• _PROBLEM STATEMENT_: In the records below, find the line that contains "4 bedroom penthouse" and the line that contains "ExecuJet Middle East"; write out exactly those two lines and everything between them, without the pictures.

• _ENTRIES SHOWN_:
..............................
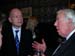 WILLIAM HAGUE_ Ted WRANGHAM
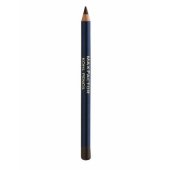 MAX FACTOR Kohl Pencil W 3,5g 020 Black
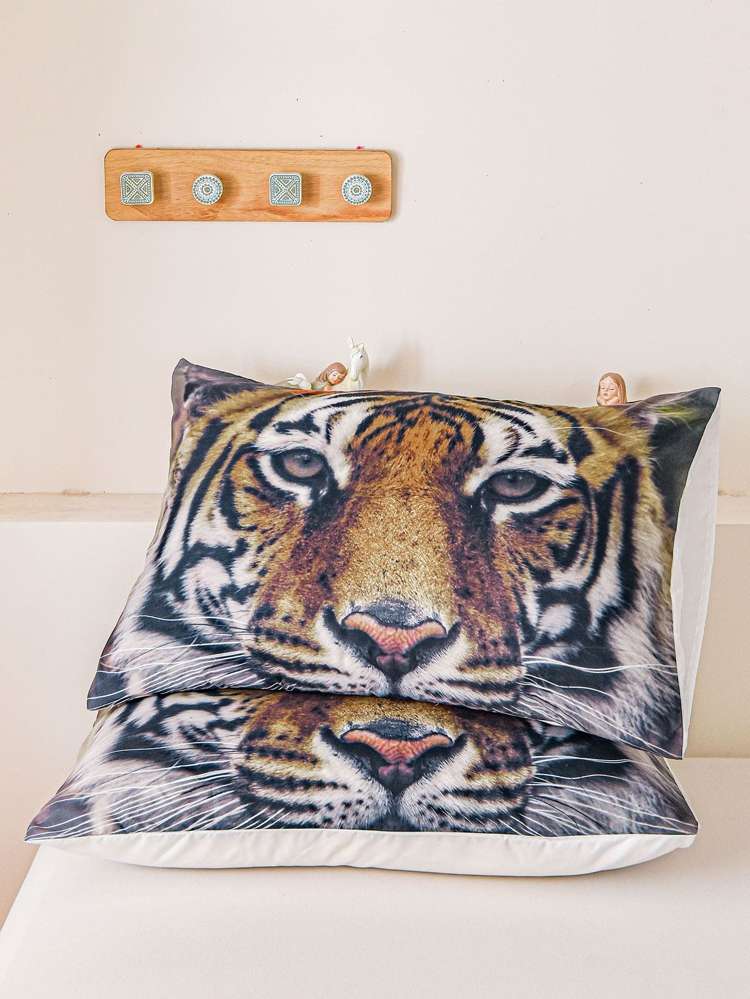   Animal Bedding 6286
..............................
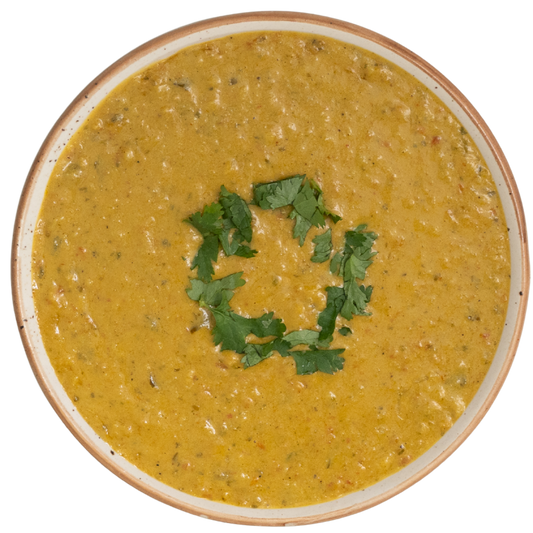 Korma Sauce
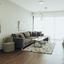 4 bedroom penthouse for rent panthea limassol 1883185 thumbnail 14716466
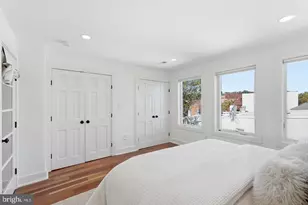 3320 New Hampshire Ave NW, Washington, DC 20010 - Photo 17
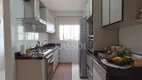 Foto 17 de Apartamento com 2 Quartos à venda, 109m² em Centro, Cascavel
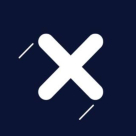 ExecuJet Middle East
..............................
• _EXERCISE RESPONSE_:
 4 bedroom penthouse for rent panthea limassol 1883185 thumbnail 14716466
 3320 New Hampshire Ave NW, Washington, DC 20010 - Photo 17
 Foto 17 de Apartamento com 2 Quartos à venda, 109m² em Centro, Cascavel
 ExecuJet Middle East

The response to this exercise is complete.